A Legal Quagmire in Dominica
By Darius Lecointe, PhD, JD
The term election petition comes to us from Section 65 of the House of Assembly (Elections) Act which says that "a petition complaining of an undue return or election of a member of the House of Assembly, in this Act called an election petition may be presented to the High Court by … some person who voted or had a right to vote at the election." The Act then instructs the Court to try the matter and come to a conclusion whether the member was validly elected. Somehow we have managed to mangle what appears to be a simple process.
The first reason is our failure to recognize that the authority for election petitions does not come from the House of Assembly (Elections) Act.
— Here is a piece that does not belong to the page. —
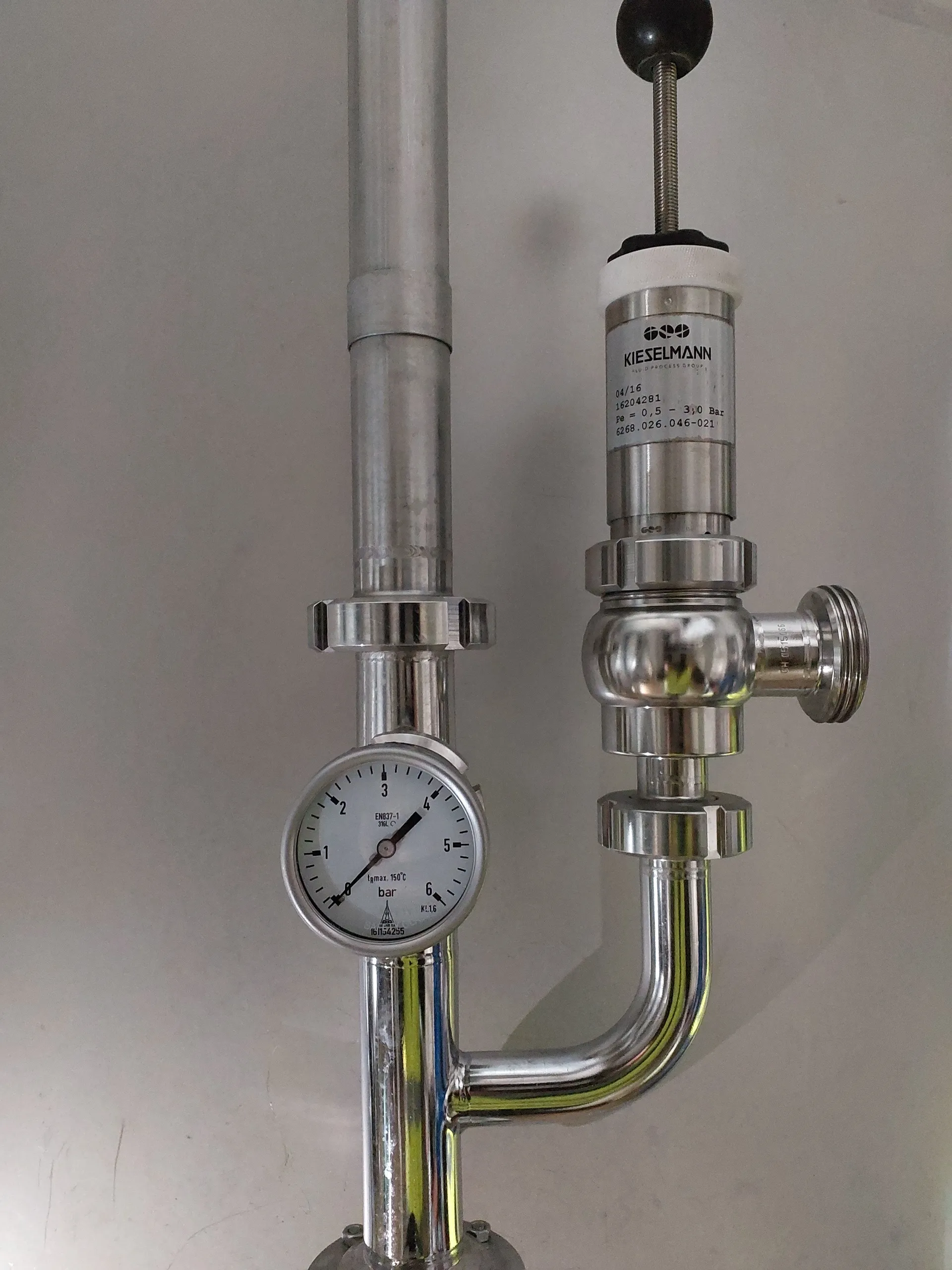 10160 Drucktank/ Biertank/ Lagertank RIEGER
The authority comes from the Constitution which gives "the High Court … jurisdiction to hear and determine any question whether (a) any person has been validly elected as a Representative."
The House of Assembly (Elections) Act was adopted in furtherance of the provision in the Constitution that "the circumstances and [manner] in which and the imposition of conditions upon which any application may be made to the High Court for the determination of [this] question and the powers, practice and procedure of the High Court in relation to any such application shall be regulated by any such provision as may be made by Parliament." This means that all the rules we need for dealing with election petitions should be found in the Act. The Constitution does not allow for rules made by the Chief Justice.
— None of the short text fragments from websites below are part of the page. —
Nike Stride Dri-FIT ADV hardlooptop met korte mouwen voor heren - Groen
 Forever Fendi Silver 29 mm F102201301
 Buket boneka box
Unfortunately, The Act is not true to the Constitution. This may be because the Act is a carryover from pre-Independence days. Apparently, no effort was made in 41 years of independence to reconcile The Act with the Constitution.
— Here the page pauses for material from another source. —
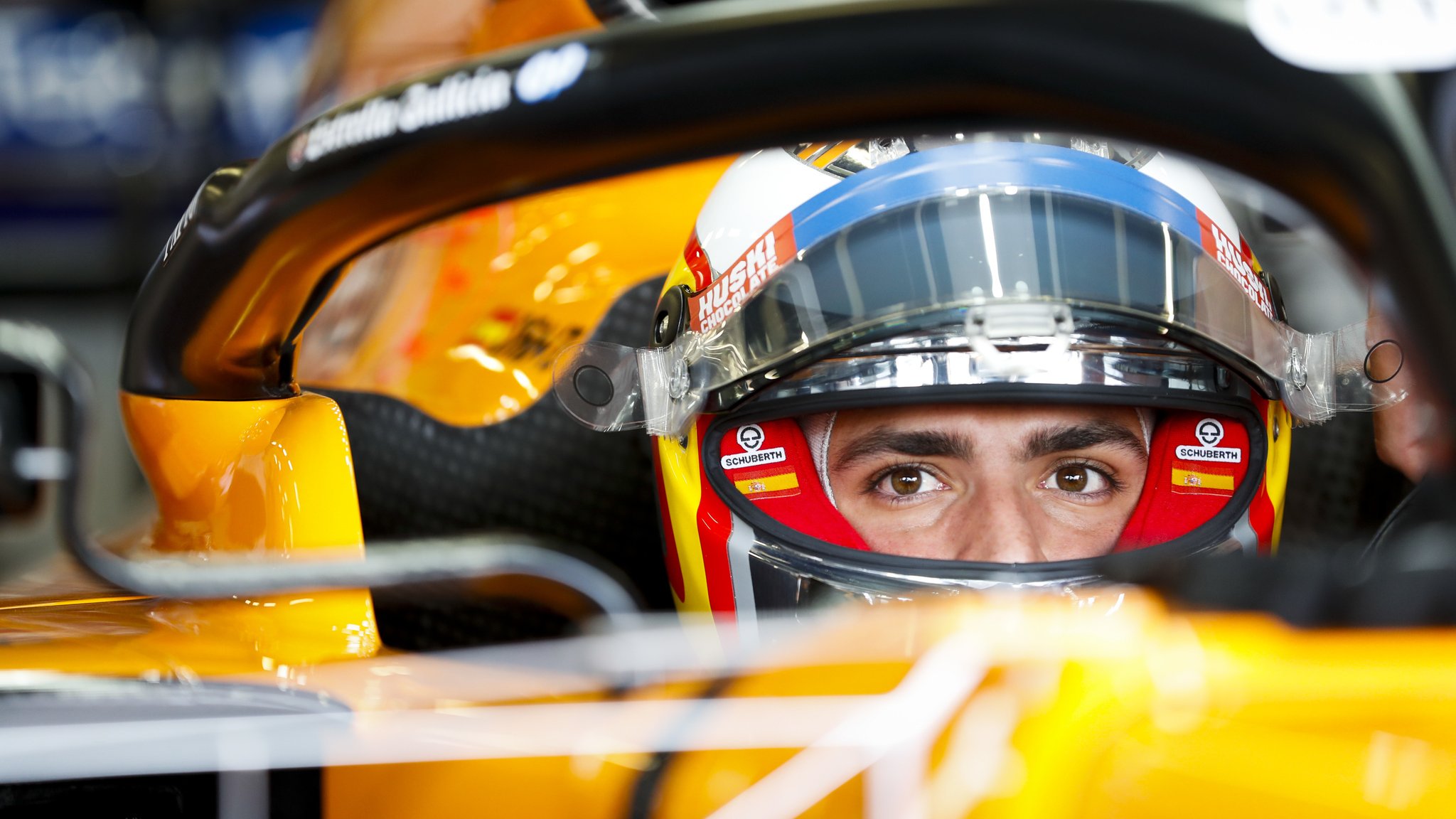 carlos sainz mclaren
The Act differs from the Constitution in two significant ways. The first point of difference has to do with who can bring an election petition. In addition to "some person who voted or had a right to vote at the election" The Act also gives that right to someone claiming to have had a right to be returned and anyone alleging to have been a candidate. Three classes of individuals in total. This is in contrast to the Constitution which maintains three classes but gives that right to someone who was a candidate and to the Attorney General. The Constitution further provides that if the petition is brought by anyone besides the Attorney General then the Attorney General may intervene. What does this mean?
Take note that the three classes of individuals are not mutually exclusive - the additional two stress actually sub-classes to the first. It would seem that the framers of the Constitution believed that the Attorney General was best qualified to actually bring the petition, even though the right belongs to the larger group. To the extent that the Court expects petitioners to follow the holding of the Court in Frampton that a petition that alleges wrongdoing by the Government should also join the Attorney General, the Court overlooks the fact that election petitions do not allege wrongdoing. An election petition only alleges that the conditions under which the poll was held were invalid. This may be as a result of one or more election offences but the offender is not on trial and may not be the one who was elected. Election offences are dealt with under a different section of The Act.
This is why I believe it would be a lost opportunity - bordering on malpractice - should the attorneys not press upon the Court the fact that the Constitution does not allow for the Court to strike out the election petition, or for the Attorney General to intervene except as a co-complainant. The Court should have the opportunity to respond.
The second difference between The Act and the Constitutional provision may be the fault of Parliament. The jurisdiction given to the High Court is not limited to the election out Representatives, as we see in The Act. The Constitution provides has three more reasons for election petitions: whether (b) any person has been validly appointed as a Senator; (c) any person who has been elected as Speaker from among persons who are not members of the House was qualified to be so elected or has vacated the office of Speaker; or (d) any member of the House has vacated his seat or is required ... to cease to perform any of his functions as a member of the House. Ask off these refer to the membership pic the House, and applications to the High Court relating to the question under these three situations may be made by any elected member of the House or by the Attorney General.
Parliament has never passed any corresponding legislation describing the circumstances and manner in which and the imposition of conditions upon which these applications may be made to the High Court for the determination of these questions and how the powers, practice and procedure of the High Court in relation to any such application shall be regulated. As written, The Act does not apply to these additional conditions for it makes no mention of elected members of the Attorney General. Members of the House have no mechanism for exercising a right that they have under the Constitution.
Where does this leave us? Our election laws are in shambles and in urgent need of reform. Our Constitution is in tatters - still subjugated to an alien authority and with an entire section dealing with the Parliamentary Commissioner treated as if it does not exist. These are not trivial matters. We can't just wish them away.